Pew Research reported that, in 2013, 78% of all teens had a cell phone. Assume this estimate is correct. We randomly pick 100 teens.

In this problem, we are looking for an approximate answer, using the standard normal distribution as an approximation to the binomial. Approximation is used because the problem is stated to ask for an approximate probability, and also we can use a test with the particulars in the problem to justify.

Binomial

n = 100 trials, where the response is yes or no to having a cell phone.

p = .78, probability that a student has a cell phone.

q = 1 - p = .22

Since n*p = 78 > 5 and n*q = 22 > 5, we can justify use of the approximation.

Solution:

mean: np = 100*.78 = 78

standard deviation: square root (n * p * q) = square root (100 * .78 * .22) = 4.1425

P (x < 75)

= P ((x - mean / std dev) < (75 - 78)/ 4.4125

= P (z < -.7242)

Look up on z table, yields .2345 as the area under the normal curve to the left of the z value of -.7242)

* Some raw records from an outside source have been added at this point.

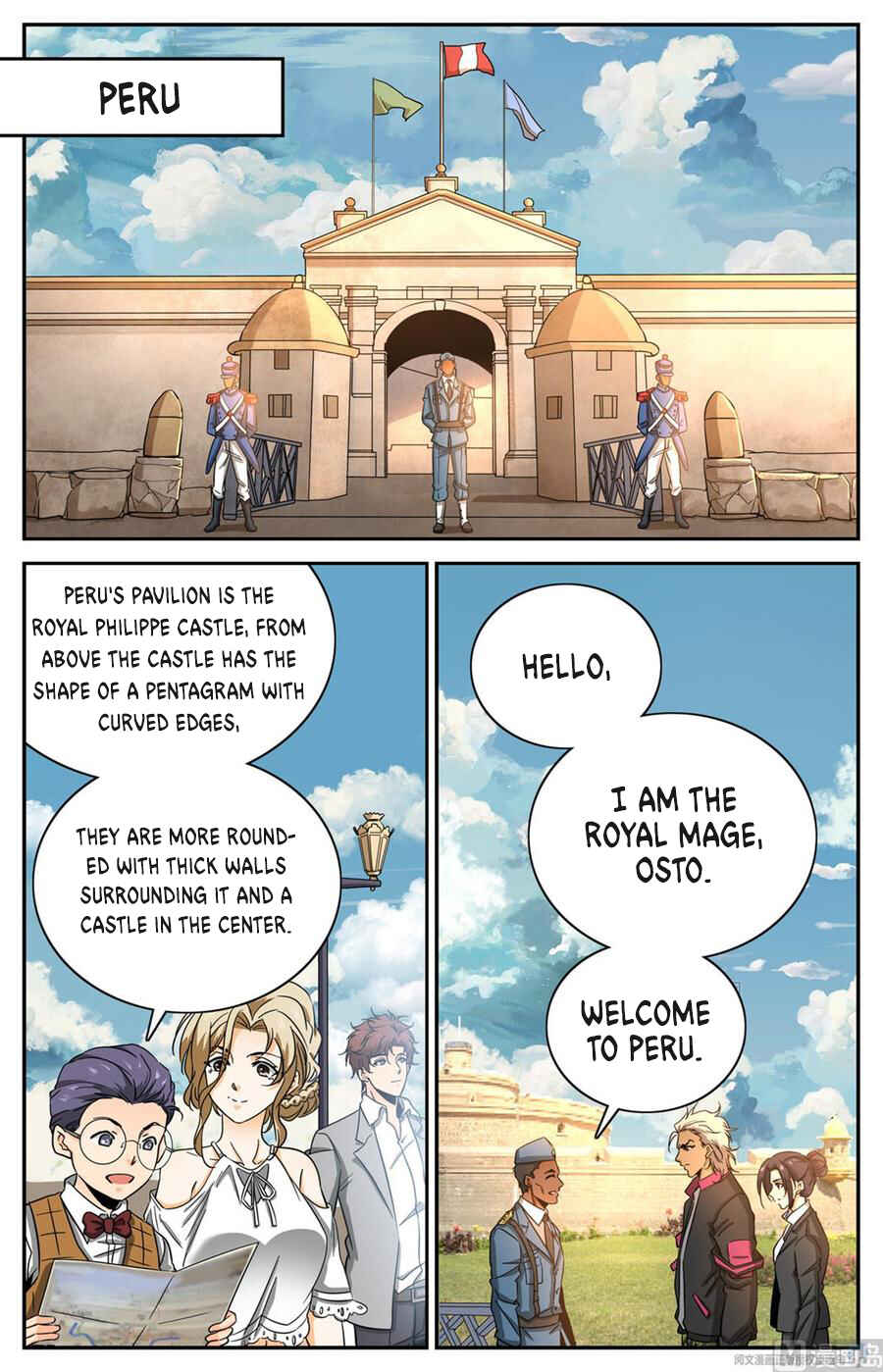Versatile Mage Chapter 600 - Page 10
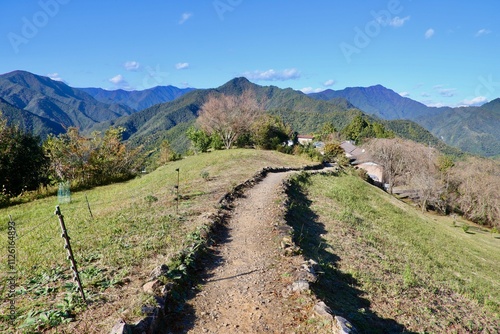 果無集落・はてなし（奈良県・十津川村）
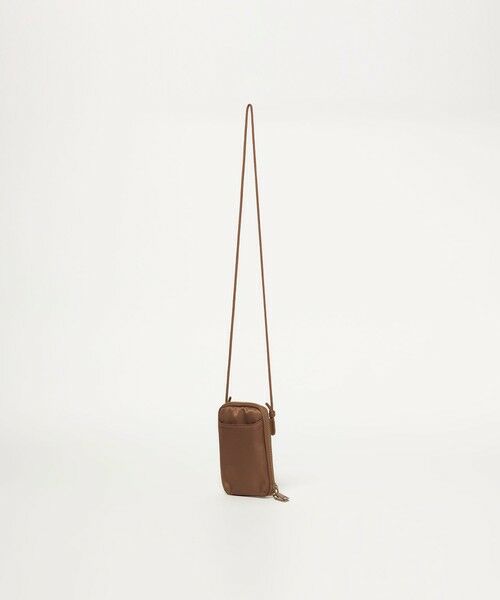 BEAUTY&YOUTH UNITED ARROWS / ビューティー&ユース ユナイテッドアローズ ポーチ | ポリエステル ジップスリム ウォレットショルダー | 詳細19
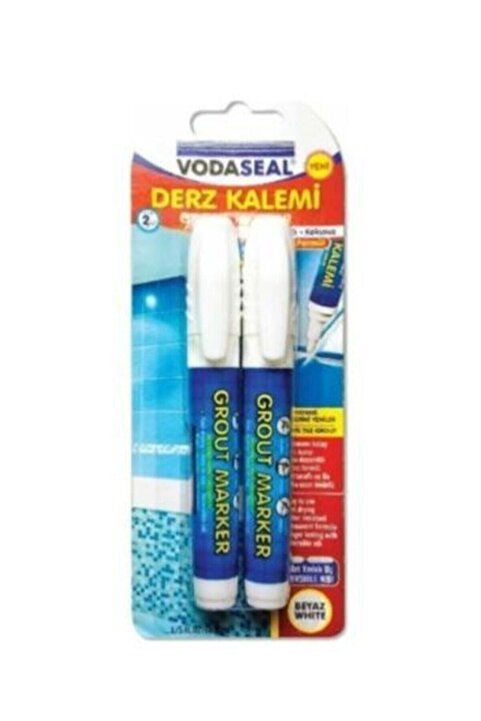 Vodaseal Beyaz Renkli Fayans Arası Ve Boşluk Doldurma Kalemi 2'li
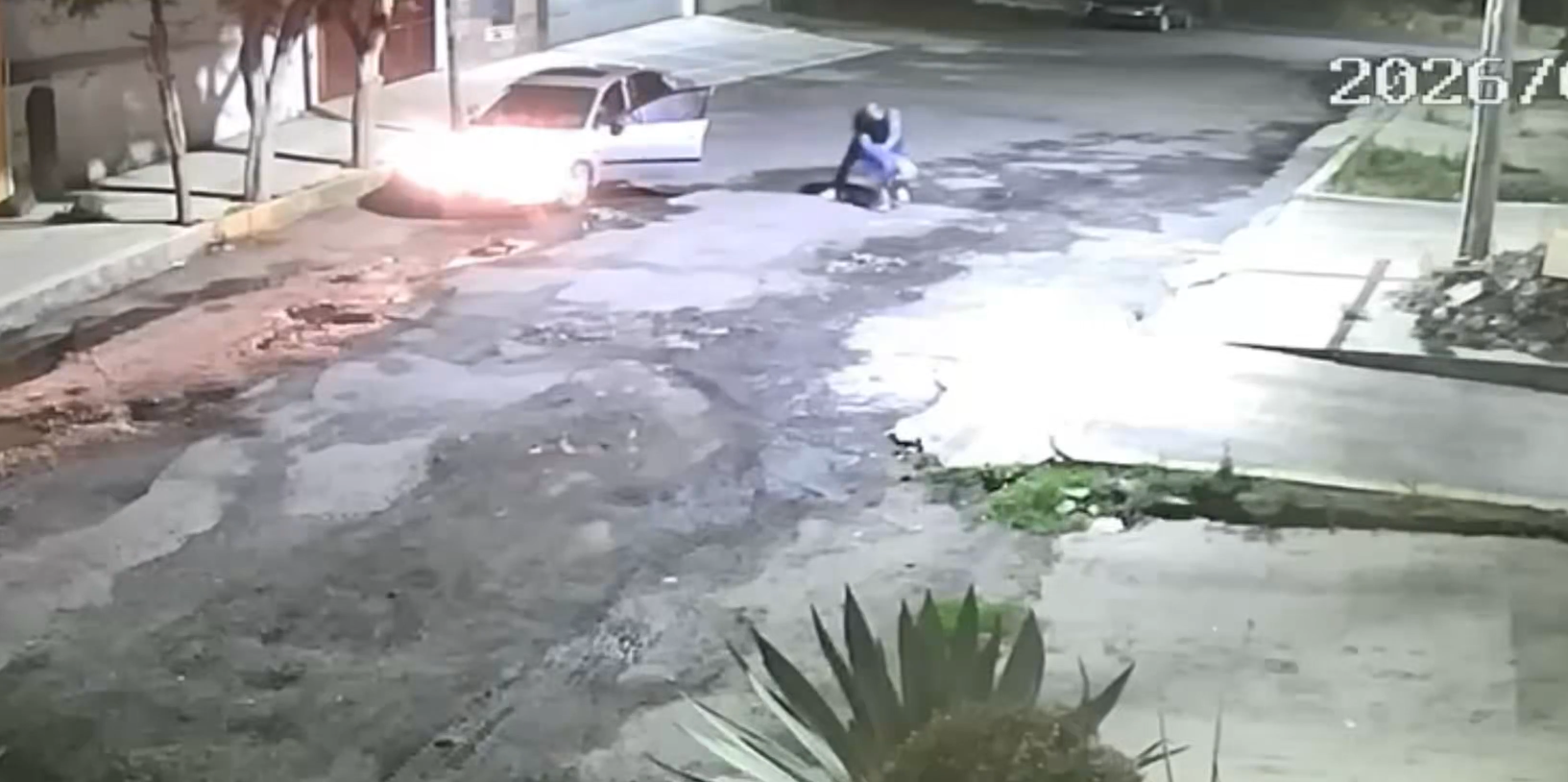 abandona a su hijo en Tlalpan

The probability is 23.45% that fewer than 3/4 (75%) students have a cell phone.

Alternative calculation.

While most textbooks like to use a normal approximation for binomial distributions for ease in calculation and to normalize the lessons (no pun intended) to emphasize lessons on normal distribution probabilities, the normal approximation is just that, an approximation. An exact answer is calculable using the binomial distribution

b(x; n, P) = _nC_x * P^x * (1 - P)^{n - x} or using factorial notation

b(x; n, P) = { n! / [ x! (n - x)! ] } * P^x * (1 - P)^{n -x}

^{with ρ = 0.78, n = 100 and x = 75 the probability of any number less than 75 students out of the sample of 100 having a cell phone is calculated as 0.1972 ( which can also be written as 19.72% ) and for less than or EQUAL to 75, P = .2684.}

^{Calculation can be done by hand, using a calculator with the cumulative binomial distribution function, or an on line calculator}

Note: Since the original question asked for an approximate probability we can assume the normal approximation was the method requested as was previously posted. This exact method is presented as an extension to illustrate alternative statistical methods as well as highlighting the limitations of some commonly used estimates. (19.6% differs quite a bit from the 23.45% you get when using the normal approximation)